Records excerpted from a collection:
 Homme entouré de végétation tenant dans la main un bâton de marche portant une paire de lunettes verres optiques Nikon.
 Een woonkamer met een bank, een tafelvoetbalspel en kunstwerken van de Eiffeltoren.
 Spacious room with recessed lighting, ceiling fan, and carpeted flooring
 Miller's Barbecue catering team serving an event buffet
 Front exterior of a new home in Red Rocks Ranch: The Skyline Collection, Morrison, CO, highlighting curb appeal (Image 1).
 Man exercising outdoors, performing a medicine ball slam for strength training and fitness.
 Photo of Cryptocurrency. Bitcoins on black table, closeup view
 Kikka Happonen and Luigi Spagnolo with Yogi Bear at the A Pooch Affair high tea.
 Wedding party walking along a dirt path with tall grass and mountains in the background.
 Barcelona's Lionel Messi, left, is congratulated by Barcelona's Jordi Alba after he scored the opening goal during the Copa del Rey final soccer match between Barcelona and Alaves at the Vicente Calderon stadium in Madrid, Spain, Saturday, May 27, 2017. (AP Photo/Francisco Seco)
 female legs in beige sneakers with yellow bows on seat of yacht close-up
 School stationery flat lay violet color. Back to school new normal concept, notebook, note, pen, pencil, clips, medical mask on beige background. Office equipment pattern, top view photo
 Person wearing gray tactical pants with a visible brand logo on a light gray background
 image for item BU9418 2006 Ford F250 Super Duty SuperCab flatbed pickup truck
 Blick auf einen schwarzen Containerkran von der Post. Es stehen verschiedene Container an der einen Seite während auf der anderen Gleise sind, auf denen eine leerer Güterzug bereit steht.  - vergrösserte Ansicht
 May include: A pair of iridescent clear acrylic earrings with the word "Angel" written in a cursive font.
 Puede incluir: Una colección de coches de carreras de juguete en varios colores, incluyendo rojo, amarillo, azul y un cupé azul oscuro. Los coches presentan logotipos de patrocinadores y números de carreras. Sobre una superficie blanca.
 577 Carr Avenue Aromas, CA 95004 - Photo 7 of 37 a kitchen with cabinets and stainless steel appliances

● **Work request**:
Write the records out again, character for character.

● **Solved problem**:
 Homme entouré de végétation tenant dans la main un bâton de marche portant une paire de lunettes verres optiques Nikon.
 Een woonkamer met een bank, een tafelvoetbalspel en kunstwerken van de Eiffeltoren.
 Spacious room with recessed lighting, ceiling fan, and carpeted flooring
 Miller's Barbecue catering team serving an event buffet
 Front exterior of a new home in Red Rocks Ranch: The Skyline Collection, Morrison, CO, highlighting curb appeal (Image 1).
 Man exercising outdoors, performing a medicine ball slam for strength training and fitness.
 Photo of Cryptocurrency. Bitcoins on black table, closeup view
 Kikka Happonen and Luigi Spagnolo with Yogi Bear at the A Pooch Affair high tea.
 Wedding party walking along a dirt path with tall grass and mountains in the background.
 Barcelona's Lionel Messi, left, is congratulated by Barcelona's Jordi Alba after he scored the opening goal during the Copa del Rey final soccer match between Barcelona and Alaves at the Vicente Calderon stadium in Madrid, Spain, Saturday, May 27, 2017. (AP Photo/Francisco Seco)
 female legs in beige sneakers with yellow bows on seat of yacht close-up
 School stationery flat lay violet color. Back to school new normal concept, notebook, note, pen, pencil, clips, medical mask on beige background. Office equipment pattern, top view photo
 Person wearing gray tactical pants with a visible brand logo on a light gray background
 image for item BU9418 2006 Ford F250 Super Duty SuperCab flatbed pickup truck
 Blick auf einen schwarzen Containerkran von der Post. Es stehen verschiedene Container an der einen Seite während auf der anderen Gleise sind, auf denen eine leerer Güterzug bereit steht.  - vergrösserte Ansicht
 May include: A pair of iridescent clear acrylic earrings with the word "Angel" written in a cursive font.
 Puede incluir: Una colección de coches de carreras de juguete en varios colores, incluyendo rojo, amarillo, azul y un cupé azul oscuro. Los coches presentan logotipos de patrocinadores y números de carreras. Sobre una superficie blanca.
 577 Carr Avenue Aromas, CA 95004 - Photo 7 of 37 a kitchen with cabinets and stainless steel appliances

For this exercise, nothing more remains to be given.